È “onore” la parola più bella e anche più importante usata nel tardivo messaggio dei vescovi. La più vicina al testo laico della Costituzione, articolo 54: “I cittadini a cui sono affidate funzioni pubbliche hanno il dovere di adempierle con disciplina e onore”. È la parola più esplicita. Quella che esclude la destinazione generale e perciò generica del messaggio: non gli uomini tutti come vorrebbero i Lupi più furbi. Ma uno solo tra noi: qui e ora. Quello che occupa il posto più alto, il posto d’onore. Che nel suo fare e disfare, dovrebbe farsi onore. Che nel suo dire e disdire, dovrebbe avere una parola d’onore. E nel suo comportarsi, onorare il vero.

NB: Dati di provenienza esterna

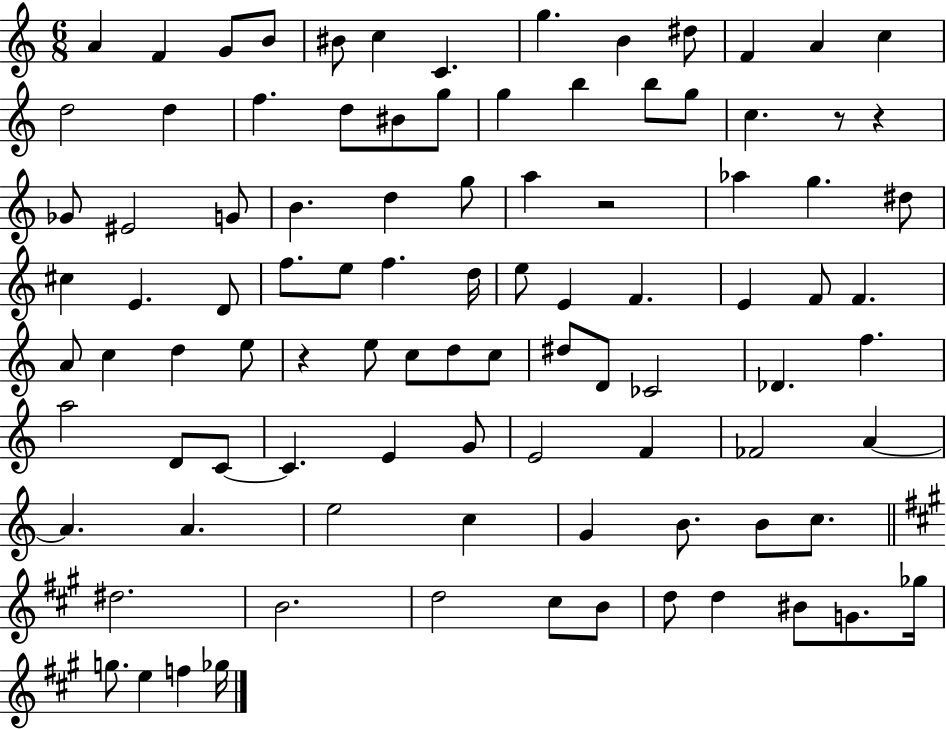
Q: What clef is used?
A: treble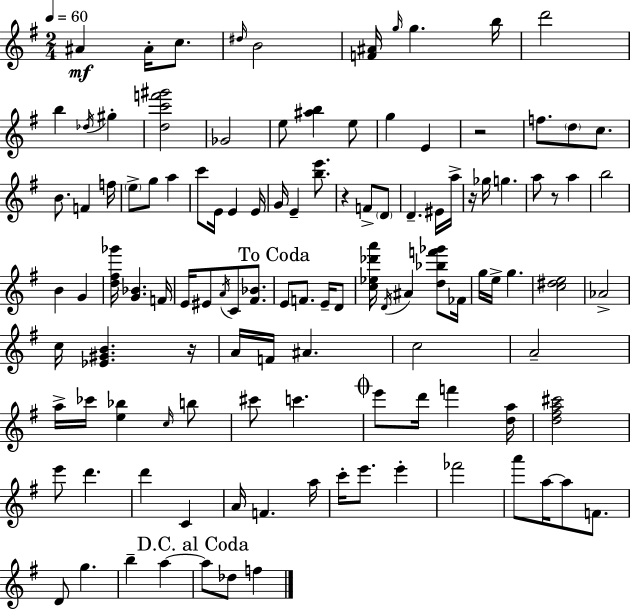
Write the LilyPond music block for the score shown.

{
  \clef treble
  \numericTimeSignature
  \time 2/4
  \key g \major
  \tempo 4 = 60
  ais'4\mf ais'16-. c''8. | \grace { dis''16 } b'2 | <f' ais'>16 \grace { g''16 } g''4. | b''16 d'''2 | \break b''4 \acciaccatura { des''16 } gis''4-. | <d'' c''' f''' gis'''>2 | ges'2 | e''8 <ais'' b''>4 | \break e''8 g''4 e'4 | r2 | f''8. \parenthesize d''8 | c''8. b'8. f'4 | \break f''16 \parenthesize e''8-> g''8 a''4 | c'''8 e'16 e'4 | e'16 g'16 e'4-- | <b'' e'''>8. r4 f'8-> | \break \parenthesize d'8 d'4.-- | eis'16 a''16-> r16 ges''16 g''4. | a''8 r8 a''4 | b''2 | \break b'4 g'4 | <d'' fis'' ges'''>16 <g' bes'>4. | f'16 e'16 eis'8 \acciaccatura { a'16 } c'8 | <fis' bes'>8. \mark "To Coda" e'8 f'8. | \break e'16-- d'8 <c'' ees'' des''' a'''>16 \acciaccatura { d'16 } ais'4 | <d'' bes'' f''' ges'''>8 fes'16 g''16 e''16-> g''4. | <c'' dis'' e''>2 | aes'2-> | \break c''16 <ees' gis' b'>4. | r16 a'16 f'16 ais'4. | c''2 | a'2-- | \break a''16-> ces'''16 <e'' bes''>4 | \grace { c''16 } b''8 cis'''8 | c'''4. \mark \markup { \musicglyph "scripts.coda" } e'''8 | d'''16 f'''4 <d'' a''>16 <d'' fis'' a'' cis'''>2 | \break e'''8 | d'''4. d'''4 | c'4 a'16 f'4. | a''16 c'''16-. e'''8. | \break e'''4-. fes'''2 | a'''8 | a''16~~ a''8 f'8. d'8 | g''4. b''4-- | \break a''4~~ \mark "D.C. al Coda" a''8 | des''8 f''4 \bar "|."
}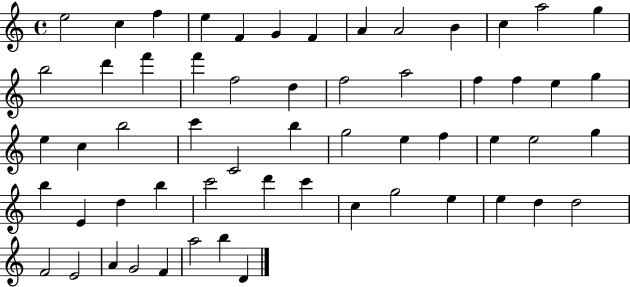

L’onore è insieme intransigente e gentile. È un dover essere in relazione agli altri, esecra la compravendita dei destini e dei corpi, non pratica il disprezzo. È una qualità estetica, non infila le mani per palpare, non soffia, non sbava, non sghignazza. E una disposizione d’animo. Rifugge da ogni delitto, in primis quello che insanguina se stesso. Conduce sempre al rispetto. Anche quello dei nemici più acerrimi. Che solo in suo nome rinunciano talvolta alla vendetta, concedendo quando verrà il momento, l’onore delle armi.